Former International Monetary Fund (IMF) chief Dominique Strauss-Kahn arrived in court Monday to stand trial for “pimping” as part of a prostitution ring, four years after a sex scandal cost him his job and a shot at the French presidency.
The disgraced 65-year-old economist finds himself back in the dock — this time in the northern French city of Lille — accused of being at the centre of a vice ring which hired prostitutes for sex parties in Brussels, Paris and Washington.
The silver-haired Strauss-Kahn, dressed in a dark suit, slipped past a throng of journalists to arrive in the empty wood-panelled courtroom, where he paced up and down with his hands in his pockets in front of the imposing stone bench.

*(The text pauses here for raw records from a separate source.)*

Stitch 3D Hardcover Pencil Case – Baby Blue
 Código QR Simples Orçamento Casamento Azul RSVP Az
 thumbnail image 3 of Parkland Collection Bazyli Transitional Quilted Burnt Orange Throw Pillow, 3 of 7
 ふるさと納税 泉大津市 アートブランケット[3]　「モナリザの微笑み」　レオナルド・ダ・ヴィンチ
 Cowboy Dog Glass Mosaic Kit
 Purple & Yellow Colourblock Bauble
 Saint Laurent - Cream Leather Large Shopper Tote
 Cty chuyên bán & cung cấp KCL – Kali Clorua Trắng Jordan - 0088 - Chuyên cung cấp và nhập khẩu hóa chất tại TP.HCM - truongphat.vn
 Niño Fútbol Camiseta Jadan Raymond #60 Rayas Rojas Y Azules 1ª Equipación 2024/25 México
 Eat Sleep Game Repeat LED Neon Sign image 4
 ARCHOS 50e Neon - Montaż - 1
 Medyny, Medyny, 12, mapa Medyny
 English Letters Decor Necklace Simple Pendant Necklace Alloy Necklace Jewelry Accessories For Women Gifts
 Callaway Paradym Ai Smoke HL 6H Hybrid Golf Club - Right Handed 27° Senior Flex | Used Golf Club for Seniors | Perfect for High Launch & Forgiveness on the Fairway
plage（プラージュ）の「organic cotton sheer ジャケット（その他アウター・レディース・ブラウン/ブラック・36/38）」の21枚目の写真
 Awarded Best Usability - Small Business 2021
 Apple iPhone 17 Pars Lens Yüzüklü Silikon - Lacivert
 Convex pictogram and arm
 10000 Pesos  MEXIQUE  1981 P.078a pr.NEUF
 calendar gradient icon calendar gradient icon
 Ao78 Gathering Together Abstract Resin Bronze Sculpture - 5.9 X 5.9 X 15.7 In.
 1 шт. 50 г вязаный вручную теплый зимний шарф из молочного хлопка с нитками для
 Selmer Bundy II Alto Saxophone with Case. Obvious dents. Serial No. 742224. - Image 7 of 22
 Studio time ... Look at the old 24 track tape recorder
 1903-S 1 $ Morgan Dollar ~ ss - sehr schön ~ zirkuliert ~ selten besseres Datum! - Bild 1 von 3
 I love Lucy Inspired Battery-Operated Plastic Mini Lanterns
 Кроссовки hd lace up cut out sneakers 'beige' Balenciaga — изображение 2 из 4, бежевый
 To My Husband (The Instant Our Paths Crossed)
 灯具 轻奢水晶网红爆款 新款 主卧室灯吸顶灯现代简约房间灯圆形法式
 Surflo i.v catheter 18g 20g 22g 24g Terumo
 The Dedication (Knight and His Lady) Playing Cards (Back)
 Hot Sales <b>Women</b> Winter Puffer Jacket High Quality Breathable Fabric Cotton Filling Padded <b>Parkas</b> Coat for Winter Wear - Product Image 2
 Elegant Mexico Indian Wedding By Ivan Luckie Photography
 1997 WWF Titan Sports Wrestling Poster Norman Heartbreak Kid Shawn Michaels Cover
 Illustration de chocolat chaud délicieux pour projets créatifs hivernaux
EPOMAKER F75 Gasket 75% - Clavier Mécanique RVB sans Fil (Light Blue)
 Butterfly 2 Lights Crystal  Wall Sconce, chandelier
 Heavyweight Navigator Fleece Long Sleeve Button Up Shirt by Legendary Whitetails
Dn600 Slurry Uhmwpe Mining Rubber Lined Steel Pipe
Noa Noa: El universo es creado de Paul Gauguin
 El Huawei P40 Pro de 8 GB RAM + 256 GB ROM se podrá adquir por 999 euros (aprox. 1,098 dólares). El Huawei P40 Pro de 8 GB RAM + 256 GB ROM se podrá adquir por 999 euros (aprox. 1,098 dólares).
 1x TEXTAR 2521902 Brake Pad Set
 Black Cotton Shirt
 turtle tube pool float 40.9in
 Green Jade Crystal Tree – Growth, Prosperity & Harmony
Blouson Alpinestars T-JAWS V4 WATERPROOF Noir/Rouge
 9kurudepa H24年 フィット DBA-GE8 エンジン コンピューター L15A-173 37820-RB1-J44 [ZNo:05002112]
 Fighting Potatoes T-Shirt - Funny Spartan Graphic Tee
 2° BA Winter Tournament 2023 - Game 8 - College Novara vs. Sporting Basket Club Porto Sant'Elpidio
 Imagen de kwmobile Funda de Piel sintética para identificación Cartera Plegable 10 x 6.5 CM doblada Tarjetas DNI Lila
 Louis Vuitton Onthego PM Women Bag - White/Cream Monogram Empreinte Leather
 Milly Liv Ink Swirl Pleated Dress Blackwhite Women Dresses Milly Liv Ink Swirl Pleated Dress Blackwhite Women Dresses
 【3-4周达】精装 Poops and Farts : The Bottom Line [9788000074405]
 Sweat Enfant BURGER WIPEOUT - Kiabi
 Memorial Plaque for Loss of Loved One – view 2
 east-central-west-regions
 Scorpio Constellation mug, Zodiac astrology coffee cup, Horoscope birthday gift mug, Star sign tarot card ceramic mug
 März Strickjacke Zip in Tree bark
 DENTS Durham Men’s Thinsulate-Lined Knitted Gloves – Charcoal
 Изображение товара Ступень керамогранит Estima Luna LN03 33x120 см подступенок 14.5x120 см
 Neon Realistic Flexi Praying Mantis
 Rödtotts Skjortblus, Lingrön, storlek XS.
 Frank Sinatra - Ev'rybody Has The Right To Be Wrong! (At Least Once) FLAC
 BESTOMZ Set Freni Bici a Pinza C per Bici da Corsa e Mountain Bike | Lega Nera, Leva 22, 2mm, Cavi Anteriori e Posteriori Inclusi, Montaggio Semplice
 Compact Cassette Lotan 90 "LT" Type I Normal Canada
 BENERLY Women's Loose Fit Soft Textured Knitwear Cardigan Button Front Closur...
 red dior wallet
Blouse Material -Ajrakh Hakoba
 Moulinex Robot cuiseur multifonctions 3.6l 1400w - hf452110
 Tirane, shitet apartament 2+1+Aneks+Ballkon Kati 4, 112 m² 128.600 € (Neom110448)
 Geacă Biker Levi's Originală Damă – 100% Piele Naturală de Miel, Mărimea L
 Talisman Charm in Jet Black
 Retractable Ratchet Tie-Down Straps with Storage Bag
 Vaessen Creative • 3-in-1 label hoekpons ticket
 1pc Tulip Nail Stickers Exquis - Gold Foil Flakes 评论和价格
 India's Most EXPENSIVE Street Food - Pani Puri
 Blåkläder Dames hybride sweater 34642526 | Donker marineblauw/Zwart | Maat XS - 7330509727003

Strauss-Kahn — once one of the most powerful men in the world — will take the stand alongside a colourful cast of characters including luxury hotel managers, police, freemasons and a brothel owner nicknamed “Dodo the Pimp.”
Nearly 300 journalists are accredited to cover the three-week trial, the first day of which will be dominated by a host of procedural applications.
Lurid details of group sex and high-end prostitution are likely to emerge in the trial for “aggravated pimping in an organised group”, a charge punishable by up to 10 years in prison and a fine of up to 1.5 million euros ($1.7 million).
The trial will be the latest in a series of legal woes offering a peek behind the bedroom door of a man once tipped as a potential challenger to former French president Nicolas Sarkozy.
The ex-head of the International Monetary Fund, known in France as DSK, saw his career implode in 2011 when he was paraded handcuffed in front of the world’s cameras after a New York hotel maid accused him of sexual assault.
Those criminal charges were dropped and the case settled in a civil suit, but six months later Strauss-Kahn’s name cropped up in an investigation into a prostitution ring in northern France and Belgium.
Investigators probing the “Carlton Affair” — named after one of the swish hotels in Lille where local businessmen and police officials organised sex parties — found some of the prostitutes involved had been hired to participate in soirees attended by Strauss-Kahn.
Prostitution is legal in France but procuring — the legal term for pimping which includes encouraging, benefiting from or organising prostitution — is punishable by a hefty jail term.
The crux of the case against DSK is whether he knew the women lavishing their attention on him were prostitutes and whether he played a role in organising their presence.
DSK admits to being a “libertine” who enjoys orgies but has steadfastly denied knowing the women were paid.
“In these circumstances one isn’t always clothed, and I challenge you to tell the difference between a prostitute naked and any other woman naked,” DSK’s star lawyer Henri Leclerc, 84, said in 2011.